Caution: Vegetarians, look away.
In the northern province of Ilocos in the Philippines, there is a gem that can rival the place’s turquoise beaches, colonial architecture, and awe-inspiring rock formations. This treasure is called bagnet, and it comes in the form of a sinful, majestic deep-fried slab of pork.
Bagnet is a product of the locals’ – called Ilocanos – ingenuity, tracing its roots to the early days when food storage was not as sophisticated as it is today. Back in the day when refrigerator was unheard of, the Ilocanos came up with ways to effectively preserve pork meat whenever a pig was slaughtered. They boiled large parts of meat in water seasoned with salt, peppercorns, garlic, and bayleaf. Boiling in water was only the first step; next was boiling it in lard for 2-3 hours. Once cool and the fat had been drained from the meat, they would fry it another time before they served it. This process, called bagnettin, was the locals’ way of preserving pork for long periods of time.

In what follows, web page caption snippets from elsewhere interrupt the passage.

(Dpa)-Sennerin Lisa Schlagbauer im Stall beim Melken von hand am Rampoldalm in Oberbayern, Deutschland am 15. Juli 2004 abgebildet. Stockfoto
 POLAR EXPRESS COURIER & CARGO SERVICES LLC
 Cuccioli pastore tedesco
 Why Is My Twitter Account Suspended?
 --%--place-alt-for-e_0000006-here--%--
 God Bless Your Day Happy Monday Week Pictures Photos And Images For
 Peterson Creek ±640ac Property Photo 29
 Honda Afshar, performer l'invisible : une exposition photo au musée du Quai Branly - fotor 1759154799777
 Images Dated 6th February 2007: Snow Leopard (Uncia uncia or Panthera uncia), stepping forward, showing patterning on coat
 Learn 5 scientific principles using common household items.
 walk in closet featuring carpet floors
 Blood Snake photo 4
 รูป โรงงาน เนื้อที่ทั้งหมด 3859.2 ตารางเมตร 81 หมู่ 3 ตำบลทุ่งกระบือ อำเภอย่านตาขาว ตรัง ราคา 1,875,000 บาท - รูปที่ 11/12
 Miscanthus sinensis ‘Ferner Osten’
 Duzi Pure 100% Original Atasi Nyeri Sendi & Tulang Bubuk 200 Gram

Now that almost every household is equipped with a refrigerator, locals and travelers alike still have a hankering for bagnet – and it’s easy to see why; every bit of this native delicacy is a thing of perfection. The bagnet experience starts with the delicate crisp of a perfectly crackled skin, and as the teeth sink a tiny bit lower to the greasy layer of fat, you close your eyes and savor the deliciousness that is both sinful and heavenly. You then move on to the well-cooked flesh that is the just right balance of crispy and flaky, the kind that makes you wonder how something so crispy can melt in your mouth so flawlessly. A native kind of salad composed of tomatoes, onions, and anchovy sauce makes the experience even better.
Bagnet will remind you of a forbidden love story, one that is constantly characterized by unbridled waves of desire, that leaves you with profound feelings of guilt and yet yearning for more.